This is how our Internet Editor answered that question
[http://thequig.wordpress.com/2008/09/23/op-ed-how-the-
states...](http://thequig.wordpress.com/2008/09/23/op-ed-how-the-statesman-
uses-twitter/)

Here are the many twitter accounts our reporters use to distribute and collect
news and information
<http://www.statesman.com/news/content/standing/twitter.html>

The team I work for wrote a tool to aggregate/retweet tweets from our staff
and "widgets" to display them on various pages of our websites. This is mostly
used during major events such as SXSW, elections, or Longhorn Football games
as a fast way to collect and publish news and tidbits from our staff in the
field. And also, of course, to engage/serve the Twitter community with news
and information.

In general Twitter is a communications tool. If your business benefits from
communicating with its customers (not all do) then it can benefit from
Twitter.

But, like all things, it takes effort and can be done "wrong". It, like all
things, is not a silver bullet.

------
Zev
Not really a company, but an open source project I contribute to (there's also
an App Store app, so it _might_ qualify as a company, I suppose) has a twitter
account that we use. We mostly have a few twitter searches for anyone having
problems with the app (Colloquy) or looking for an IRC client on a platform we
support to recommend to them _. Occasionally we'll give out promo codes,
either to bloggers or to anyone following us/twitter's public stream to use.

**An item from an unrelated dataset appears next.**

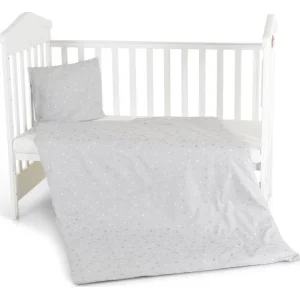 Hugzzz set posteljine nook grey stars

_ Note, for this, we don't use a bot — A. because traffic is low volume, only
a few tweets every few days and B. (imo), bots that send send the same message
to everyone regardless of what the query is, is obnoxious.

------
callmeed
We've started posting announcements, conversation starters and small contests
on our company twitter account (I've been doing it on my personal account a
little longer).

It's still early, but I think it's a promising way to get the word out on
stuff and start conversations. When we release new site designs or app
features, it's another way (besides our blog) to get the word out.

Also, another strategy is to use the search feature and find people looking
for product recommendations (this happens more than you think).

Search is also good for finding people who are frustrated with your customer
service–or your competitor's.

------
darwinw
I started to twitter a few weeks ago, and I was occasionaly posting links to
promote my content, but when I check my google analytics, i hardly see any
referal from twitter. So at the moment, i'm still unsure about how effective
twitter is to my business.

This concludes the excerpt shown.